There are many benefits to cardio training. Other than the most obvious – fat burning – I incorporate cardio into my exercise routine primarily for stamina. I absolutely loathe the notion of being the tired and weak “old lady” who has problems keeping up. By maintaining a vigorous cardio program I never feel like I don’t have the energy to complete a task. I can walk briskly for long periods of time without losing my wind and actually those much younger than me often ask me to slow down when we’re out walking.
But the primary reason for doing cardio is maintaining excellent cardiovascular health. The heart is a muscle and needs to be exercised just like our abs and butts. My mom died of a heart attack at fifty-three so I have always been keen on keeping myself “heart healthy.” Exercising is just one component to the healthy heart equation but it is a crucial one.
I’m often asked at what level cardio should be done. Your workout should be vigorous enough that you can only speak a few words. If you can carry on a full conversation or are huffing so badly you can’t utter a sound, you are not working at the right level. This is often referred to as the “talk test” and is an excellent guide for baby boomer women who want to get the most benefit out of their cardio workouts.
Here is my list of cardio options for women over fifty:
WALKING: If you have never exercised, are recovering from injury, or are looking for a cardio option that can be done everywhere, walking is the best option. Whether done on a treadmill or outside, walking is the easiest form of cardio to incorporate into your daily life. You can start your program slowly and work your way up to power walking or running. I like to walk outside when the weather is beautiful but most of the time I walk on the treadmill. The benefits of walking on a treadmill include the ability to quickly change your speed and incline and to monitor your heart rate and calories burned. Additionally, the treadmill is better than pavement for those of you with bad knees.
ELLIPTICAL: Elliptical machines can tone your entire body since you can work both your upper and lower body at the same time. They are much lighter on your joints than treadmills and help to improve balance and mobility. If done at a good pace on an incline they are great for burning calories. I prefer to just work my legs when I’m on the elliptical but many women over fifty enjoy working their arms at the same time.
STEPMILL (also known as STAIRMASTER or STEPPER): If you want toned legs and butt and an overall leaner body, then the StepMill is for you. It is a great cardiovascular exercise, works all the major muscles in the legs and butt, and makes you feel like you are actually walking up an escalator . . . except it’s never ending.

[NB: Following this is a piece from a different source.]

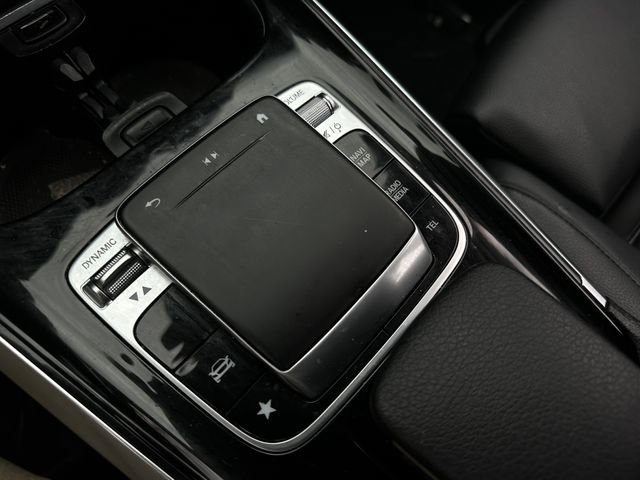 Used 2020 Mercedes-Benz GLB 250 4MATIC image 32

The StepMill is one of the best cardio machines to get your heart rate up to burn that unwanted fat. This form of cardio can be grueling so those of you new to exercise or with orthopaedic problems or injuries should proceed with caution.

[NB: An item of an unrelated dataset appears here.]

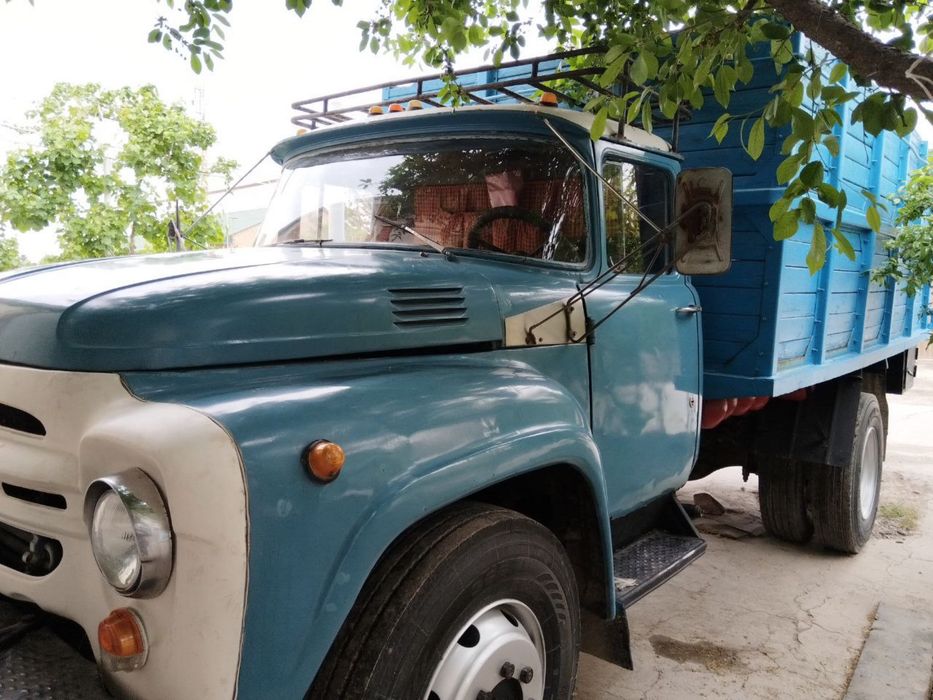 Zil-130 Sotiladi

STATIONARY BIKE: The stationary bike provides a gentle workout that doesn’t put too much pressure on the spine. They are often used for physical therapy after an injury or surgery because they are low impact on your body. Riding a stationary bike can help you lose weight and strengthen the major leg muscles. Always be mindful of the seat position because if it is too high or too low your knees and hips can suffer. Spinning, a much more aggressive form of bike riding is only advised for the seasoned athlete as it can cause major damage if not done correctly. Personally, I don’t think spinning is a good fit for baby boomer women.
SWIMMING: Swimming is a great form of cardio as it engages all your major muscle groups and places a strong demand on your heart and lungs. It is an excellent option for anyone who suffers from an injury or wants to protect their joints. However, if you are very overweight, buoyancy can detract from the number of calories burned so be sure to give it your all if losing weight is your goal.
ROWING: You might be surprised to see this on the list but rowing has become very popular lately as it is incorporated into most cross fit programs. Rowing burns a tremendous amount of calories and engages your entire body. Since you are in complete control of your speed you can easily change your pace thus controlling calories burned. You should definitely stay away if you have any orthopaedic problems.
Your body is designed to move and to not do so is unhealthy. I’ve given you lots of options but the decision on which exercise to do is yours. Make sure you incorporate at least 30 minutes a day if possible. Cardio not only makes you look and feel better, it is a critical element to having great health! As always, it is important to check with your physician before starting an exercise program.